Field experiments help researchers understand variability and real-time conditions, but they have the opposite set of problems. The field is an uncontrolled system. Water moves through the soil profile by evaporation, plant uptake, capillary rise, or deep drainage, requiring many measurements at different depths and locations. Field researchers also have to deal with the unpredictability of the weather. Precipitation may cause a field drydown experiment to take an entire summer, whereas in the lab it takes only a week.
The big picture—supersized
Researchers who use both lab and field techniques while understanding each method’s strengths and limitations can exponentially increase their understanding of what’s happening in the soil profile. For example, in the laboratory, a researcher might use the PARIO soil texture analyzer to obtain accurate soil texture data, including a complete particle size distribution. They could then combine those data with an HYPROP-generated soil moisture release curve to understand the hydraulic properties of that soil type. If that researcher then adds high-quality field data in order to understand real-world field conditions, then suddenly they’re seeing the larger picture.
Below is an exploration of lab versus field instrumentation and how researchers can combine these instruments for an increased understanding of their soil profile. Click the links for more in-depth information about each topic.

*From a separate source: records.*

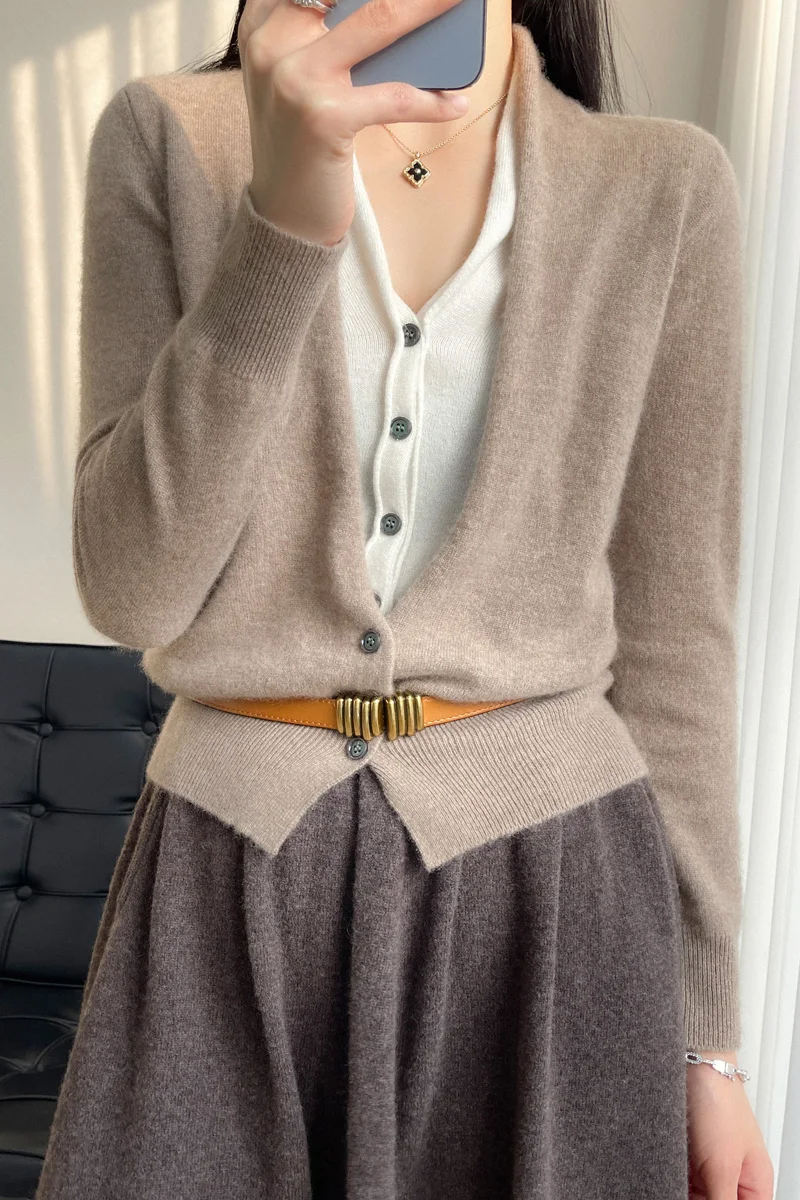 

2023 Spring and Autumn New Women's Casual Fashion Splice Versatile 100% High Quality Wool Button Fashion Cardigan Sweater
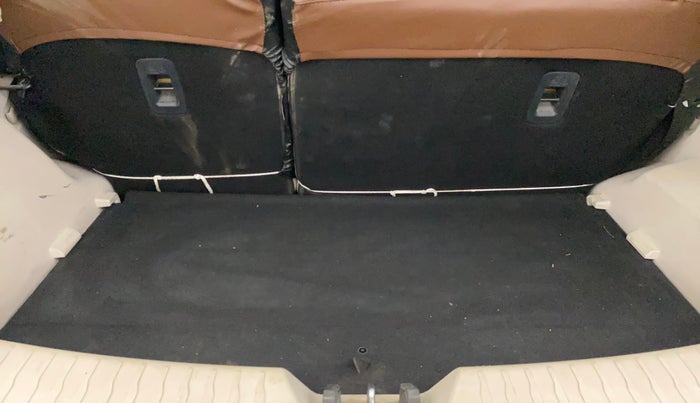 2021 Mahindra XUV300 W8 (O) 1.5 DIESEL AMT, Diesel, Automatic, 1,06,183 km, Boot Open Zoomed View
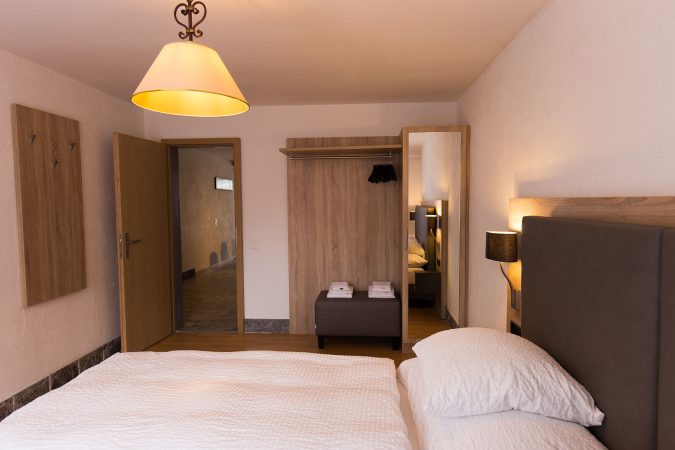 haus_theodul_zermatt_budget_apartments_304_bedroom_04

Particle size distribution and why it matters
Soil type and particle size analysis are the first window into the soil and its unique characteristics. Every researcher should identify the type of soil that they’re working with in order to benchmark their data.
If researchers don’t understand their soil type, they can’t make assumptions about the state of soil water based on soil moisture (i.e., if they work with plants, they won’t be able to predict whether there will be plant available water). In addition, differing soil types in the soil’s horizons may influence a researcher’s measurement selection, sensor choice, and sensor placement.